Biggar nodded, pleased that he had dispensed his dose of advice for the day.
“You don’t have to tell me if you don’t want to, Harry, but I’m guessing this guy in the chair is Lawton Cross, huh?”
I hesitated but decided it didn’t matter.
“Yeah, it’s him. I’m working something else and it crossed his path. I went to see him and he said some stuff. I just want to make sure. You know.”
“Good luck with it. I remember his wife, saw her a couple times at things. She was a nice lady.”
I nodded. I knew what he was saying, that he hoped Cross wasn’t being victimized by his wife.
“People can change,” I said. “I’m going to find out.”

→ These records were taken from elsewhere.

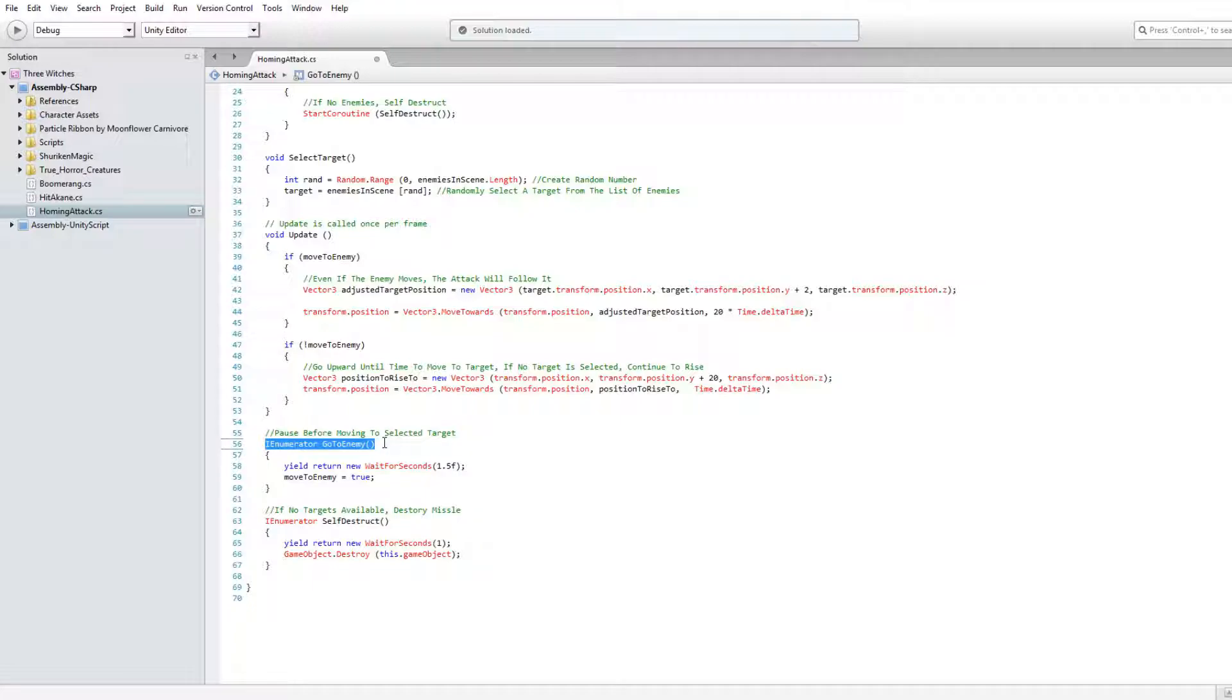In the GoToEnemy coroutine, wait however long you want, then change the boolean to true.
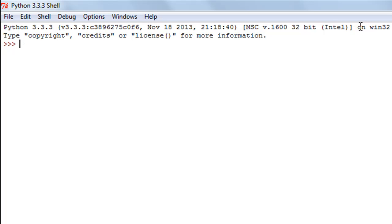Hello guys, welcome to my channel. This is the fifth tutorial in this course and in this tutorial we're going to talk about numeric variables and string variables in a little more detail.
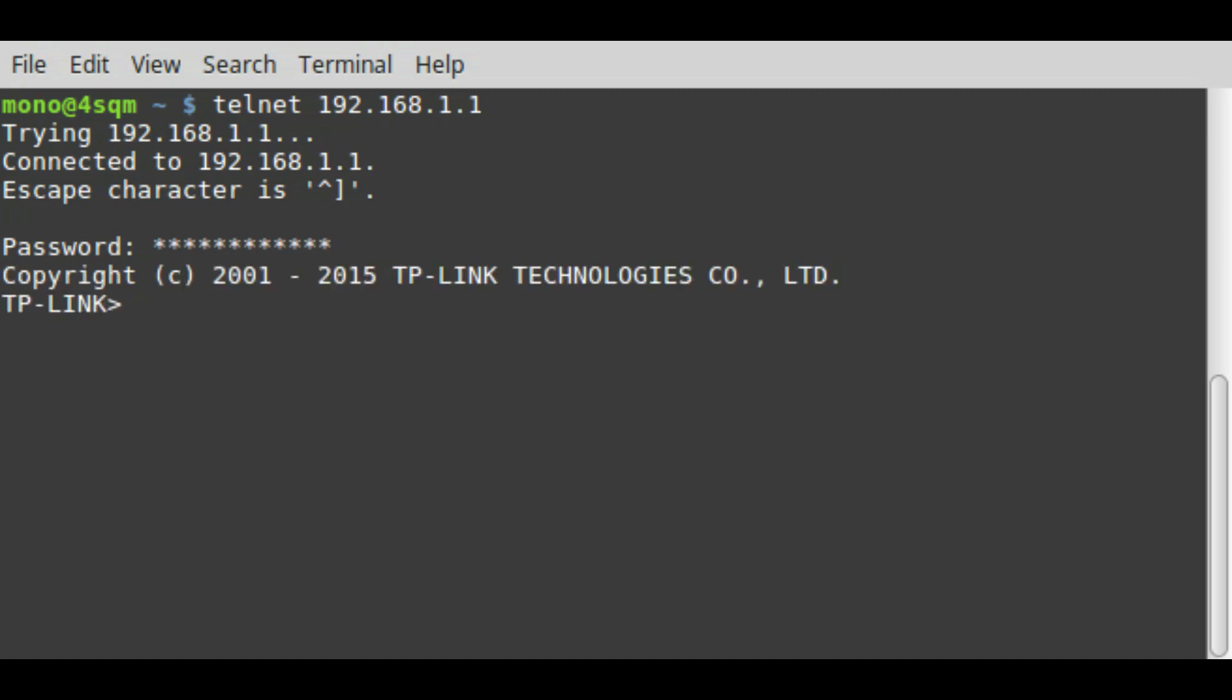Now we're in. We can just give commands to the router. The command sys reboot worked for me across two routers so far.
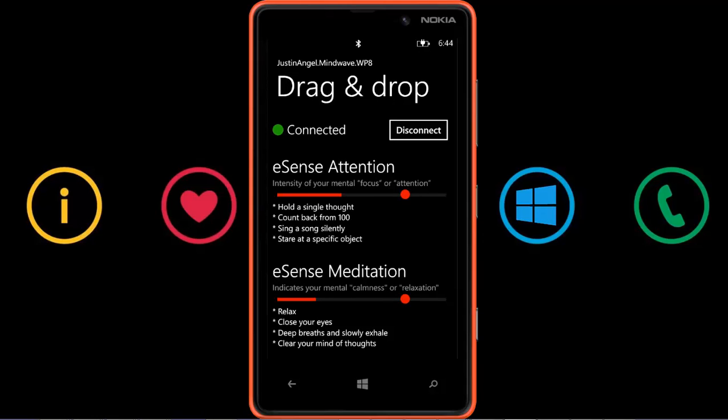So as you can see, there's a lot of really cool stuff going on here, and Windows Phone 8 can now read your brain.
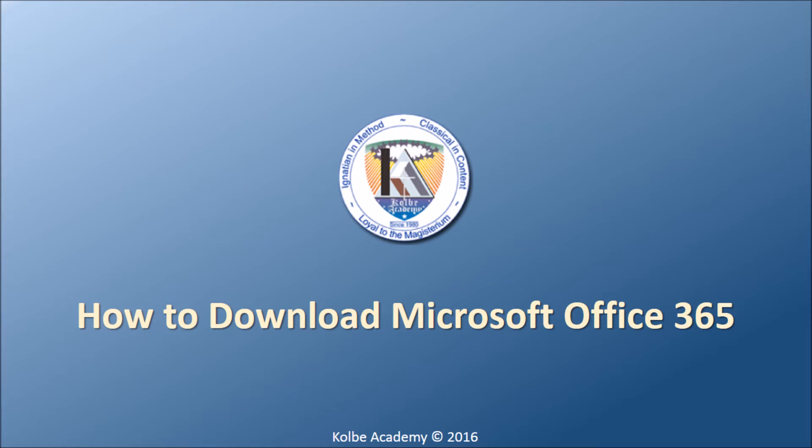This video shows you how to locate and download Office 365 using your MyColby email account.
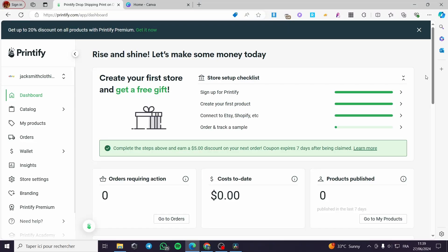How to create a Printify listing on Etsy. Hello guys and welcome to this new tutorial. Today I am going to show you how you can create a listing on Etsy. It is very easy and very simple, so all you have to do is follow the tutorial from the beginning till the end and you will be good to go.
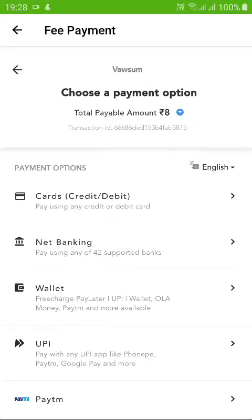Once you click on Proceed to PayU, the next page will show you options to make payments using different modes. There are two modes of payment that don't carry any transaction charges apart from the school fees amount — in this example, the school fees shown are ₹8.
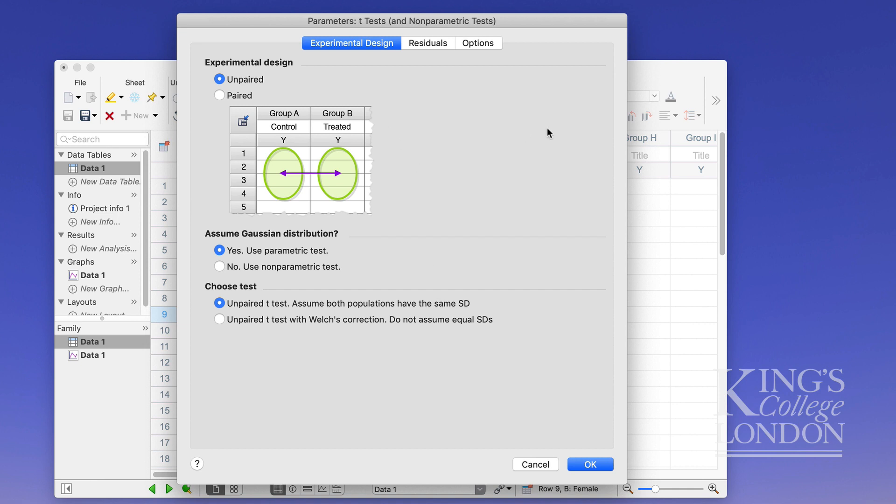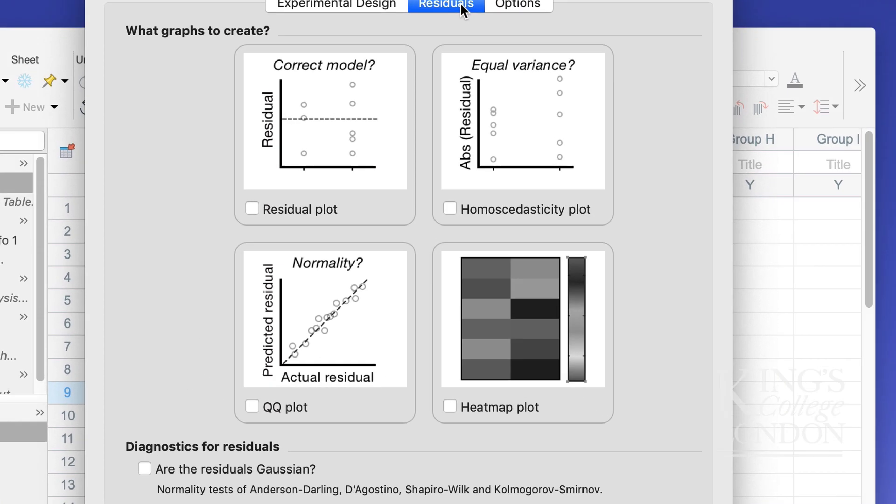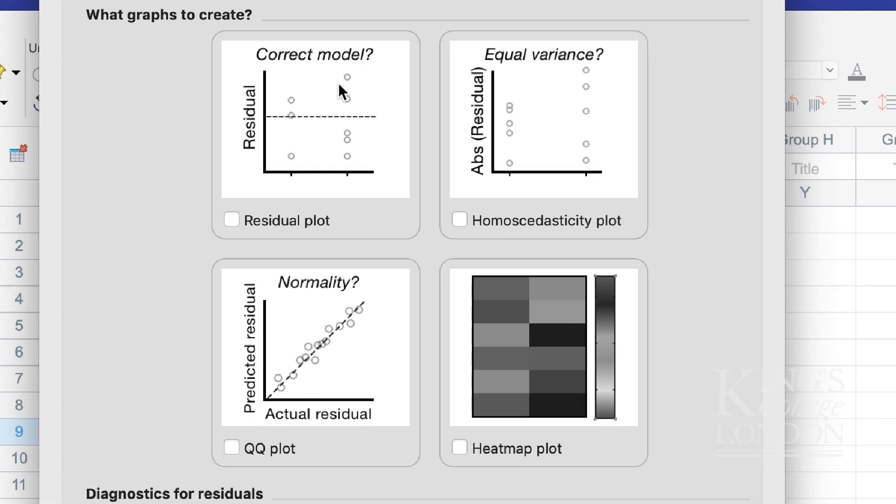There are no other options I need to click or change but for instance in the residuals you can look at residual creation these are quite a useful thing to have a look at residual plots, qq plots, or heat map plot for instance.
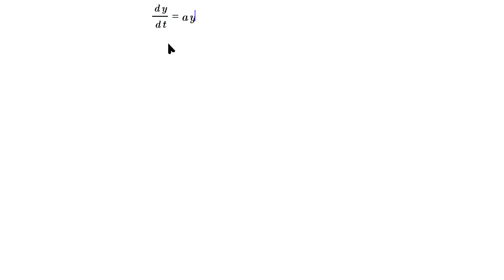Welcome friends, let's solve the following equation: dy/dt = ay - b. You can plug in your a and b. I'm going to proceed by doing dy/dt = a...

Andre Biggar came in a few minutes later carrying a toolbox, a laptop computer and the camera clock in a box. He took me to school on electronic surveillance. The clock was rigged and ready. All I needed to do was mount it on a wall and plug it in. When I adjusted the time, I would activate the surveillance by pushing the dial all the way in. To switch out the memory card I just had to remove the backing of the clock and pop the card out of the camera. Easy.
“Okay, so once I take the card out, how do I look at what I’ve got?”
Andre nodded and showed me how to plug the memory card into the side of the laptop computer. He then went through the keyboard commands that would bring up the surveillance recording on the computer’s screen.
“It’s simple. Just take care of the equipment and bring it all back. We’ve got a lot of bread invested in it.”
I didn’t want to tell him that it wasn’t simple enough for me. I seized on the financial side of the equation as a way of avoiding revealing my technical shortcomings.